Anode quality is assessed using the carbon crystallite size of the anode cores (Lc) and electrical resistivity measured on core samples. Dedicated coring and measuring campaigns have been realized in order to compare the anode quality obtained in the NG sections and in the reference sections. Figure 16 shows baking level results obtained where section 1 is compared with NG anode sets 1 (NG1, located after the crossover) and NG sets 4, 5 and 6 (NG4 to NG6) are compared with section 25 and 28. It can be observed that the anode properties of the NG area anodes are typical of those expected with the standard design but with lower standard deviation.

Fig. 16

Anode baking level in NG and standard crossover sections

Gas consumption for the NG sections has been 26% less than the gas used in the reference sections. Taking into account the additional production, the total benefit of consumption per ton of baked anode is approximately 35%.

The cost for installation of the six NG sections was 86% of the cost incurred earlier in 2017 for installation of six standard sections. The main positive contributions were lower refractory and labor costs. The gain achieved by Bell Bay Aluminium in implementing the NG Technology on six sections only (1/8 of the entire furnace ) is summarised in Table 1.

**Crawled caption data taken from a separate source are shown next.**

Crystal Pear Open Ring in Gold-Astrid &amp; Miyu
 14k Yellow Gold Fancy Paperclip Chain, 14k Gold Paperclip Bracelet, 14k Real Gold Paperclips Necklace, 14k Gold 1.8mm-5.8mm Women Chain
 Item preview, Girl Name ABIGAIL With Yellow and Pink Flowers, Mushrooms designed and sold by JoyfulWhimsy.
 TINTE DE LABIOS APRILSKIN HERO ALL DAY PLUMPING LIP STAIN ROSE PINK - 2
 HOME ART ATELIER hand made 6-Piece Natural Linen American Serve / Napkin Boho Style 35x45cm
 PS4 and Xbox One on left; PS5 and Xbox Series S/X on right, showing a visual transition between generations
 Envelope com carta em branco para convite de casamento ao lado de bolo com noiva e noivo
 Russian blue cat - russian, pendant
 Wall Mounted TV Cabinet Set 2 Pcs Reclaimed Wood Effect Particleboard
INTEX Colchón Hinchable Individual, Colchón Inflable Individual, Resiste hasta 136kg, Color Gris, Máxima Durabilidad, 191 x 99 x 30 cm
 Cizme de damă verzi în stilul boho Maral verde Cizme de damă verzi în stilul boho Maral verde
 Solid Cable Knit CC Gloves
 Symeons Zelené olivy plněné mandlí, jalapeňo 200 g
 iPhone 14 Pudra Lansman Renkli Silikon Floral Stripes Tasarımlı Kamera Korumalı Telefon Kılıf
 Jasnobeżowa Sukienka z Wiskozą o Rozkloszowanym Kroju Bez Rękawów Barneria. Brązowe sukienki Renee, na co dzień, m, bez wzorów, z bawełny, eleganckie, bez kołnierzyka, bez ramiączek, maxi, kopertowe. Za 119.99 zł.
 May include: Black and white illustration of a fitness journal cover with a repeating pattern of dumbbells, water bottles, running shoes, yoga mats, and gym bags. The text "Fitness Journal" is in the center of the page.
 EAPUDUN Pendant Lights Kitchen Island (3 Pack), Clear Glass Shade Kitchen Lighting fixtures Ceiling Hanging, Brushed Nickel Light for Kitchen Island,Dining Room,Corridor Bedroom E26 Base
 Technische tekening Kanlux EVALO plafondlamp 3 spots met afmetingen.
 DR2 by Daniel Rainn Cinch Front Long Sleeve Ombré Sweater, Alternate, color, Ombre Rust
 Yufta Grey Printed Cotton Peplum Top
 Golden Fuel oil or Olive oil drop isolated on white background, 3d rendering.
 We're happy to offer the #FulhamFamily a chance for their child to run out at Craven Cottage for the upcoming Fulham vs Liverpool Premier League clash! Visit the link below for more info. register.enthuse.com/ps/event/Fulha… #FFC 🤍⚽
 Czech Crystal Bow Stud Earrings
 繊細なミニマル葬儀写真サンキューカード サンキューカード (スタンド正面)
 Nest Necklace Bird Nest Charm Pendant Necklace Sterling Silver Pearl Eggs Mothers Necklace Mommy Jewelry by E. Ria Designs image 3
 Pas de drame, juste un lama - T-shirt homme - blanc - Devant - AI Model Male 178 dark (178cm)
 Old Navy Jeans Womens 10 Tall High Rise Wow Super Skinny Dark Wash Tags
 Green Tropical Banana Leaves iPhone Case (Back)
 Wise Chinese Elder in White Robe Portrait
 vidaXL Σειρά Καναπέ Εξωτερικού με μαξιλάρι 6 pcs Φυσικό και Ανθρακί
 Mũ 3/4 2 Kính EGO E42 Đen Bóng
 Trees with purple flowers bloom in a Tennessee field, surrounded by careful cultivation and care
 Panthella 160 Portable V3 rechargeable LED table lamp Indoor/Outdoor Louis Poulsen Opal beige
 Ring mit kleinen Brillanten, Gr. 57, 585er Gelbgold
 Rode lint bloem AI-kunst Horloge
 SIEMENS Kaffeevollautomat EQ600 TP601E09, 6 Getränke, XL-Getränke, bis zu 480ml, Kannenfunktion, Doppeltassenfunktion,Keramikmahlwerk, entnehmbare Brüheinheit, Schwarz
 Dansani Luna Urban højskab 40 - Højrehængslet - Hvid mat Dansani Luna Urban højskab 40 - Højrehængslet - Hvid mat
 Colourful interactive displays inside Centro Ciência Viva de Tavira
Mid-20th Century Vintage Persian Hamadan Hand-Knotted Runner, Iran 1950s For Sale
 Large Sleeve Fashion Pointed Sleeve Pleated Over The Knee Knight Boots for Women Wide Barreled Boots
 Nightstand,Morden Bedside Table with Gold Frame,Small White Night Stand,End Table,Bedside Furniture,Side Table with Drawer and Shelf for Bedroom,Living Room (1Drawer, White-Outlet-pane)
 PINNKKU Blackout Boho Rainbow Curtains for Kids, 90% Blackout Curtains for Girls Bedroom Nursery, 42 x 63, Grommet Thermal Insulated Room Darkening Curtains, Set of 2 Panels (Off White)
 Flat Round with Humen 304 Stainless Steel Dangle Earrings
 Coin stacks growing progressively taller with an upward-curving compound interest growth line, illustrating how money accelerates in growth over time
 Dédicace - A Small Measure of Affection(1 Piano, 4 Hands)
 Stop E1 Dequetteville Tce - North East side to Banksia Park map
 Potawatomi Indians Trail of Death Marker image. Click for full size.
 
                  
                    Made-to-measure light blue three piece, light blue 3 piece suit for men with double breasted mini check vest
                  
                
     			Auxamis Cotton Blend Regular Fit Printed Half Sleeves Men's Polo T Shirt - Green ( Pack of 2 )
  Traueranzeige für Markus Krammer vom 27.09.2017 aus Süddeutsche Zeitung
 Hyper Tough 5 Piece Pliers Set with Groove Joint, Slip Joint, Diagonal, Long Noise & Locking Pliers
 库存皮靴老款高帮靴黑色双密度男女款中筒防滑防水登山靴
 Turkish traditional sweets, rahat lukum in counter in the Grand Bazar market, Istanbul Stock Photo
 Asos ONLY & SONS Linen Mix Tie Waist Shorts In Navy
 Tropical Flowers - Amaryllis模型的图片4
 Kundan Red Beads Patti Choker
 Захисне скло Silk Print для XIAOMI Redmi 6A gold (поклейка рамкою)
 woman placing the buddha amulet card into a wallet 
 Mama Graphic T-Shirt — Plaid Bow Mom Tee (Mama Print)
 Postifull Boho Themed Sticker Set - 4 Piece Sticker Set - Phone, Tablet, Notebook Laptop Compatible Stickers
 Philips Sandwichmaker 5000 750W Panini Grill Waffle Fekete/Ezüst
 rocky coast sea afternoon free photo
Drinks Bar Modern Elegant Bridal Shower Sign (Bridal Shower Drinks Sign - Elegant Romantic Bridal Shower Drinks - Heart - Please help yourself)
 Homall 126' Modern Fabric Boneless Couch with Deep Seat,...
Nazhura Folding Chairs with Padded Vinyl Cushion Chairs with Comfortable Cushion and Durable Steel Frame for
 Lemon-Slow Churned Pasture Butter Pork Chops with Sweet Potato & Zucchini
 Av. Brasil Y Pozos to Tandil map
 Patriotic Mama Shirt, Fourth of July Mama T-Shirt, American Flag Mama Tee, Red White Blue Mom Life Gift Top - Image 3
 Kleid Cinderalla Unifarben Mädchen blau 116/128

Table 1 Yearly cost savings summary estimated after 8 months of operation for 6 sections

Conclusion and Perspectives

The NG technology is a new concept of anode baking furnace without headwalls developed over several years by Rio Tinto to answer the productivity increase demand while avoiding the negative effects of fire cycle decrease. The industrial prototype has been successfully operated by Bell Bay Aluminium for eight months since December 2017. Some fluewalls with the same design have now passed the second year of operation in the trial zone of Grande-Baie.

Although additional time is required to fully evaluate fluewall performance , the results achieved to date meet the expected performance . This validates the technical and economic viability of this new breakthrough technology .

In summary, the economic benefits are the following:

• 17% increase in anode production;

• 14% reduction in installation cost;

• 35% reduction in gas consumption.

In addition, it provides a significant reduction in the exposure of refractory maintainers to heat and fibers as the refractory maintenance activities occurring in the pit are greatly reduced.

NG Technology is an attractive solution for productivity increase of anode existing baking furnaces as it allows a significant increase in production in the same furnace footprint. It is also a very interesting option at constant production throughput as it allows benefiting from all the advantages of running at a slower fire cycle while maintaining the production output.

For new furnaces, the NG technology without headwall allows a decrease in the size of the furnace footprint and the corresponding length of the building which provides CAPEX and OPEX savings.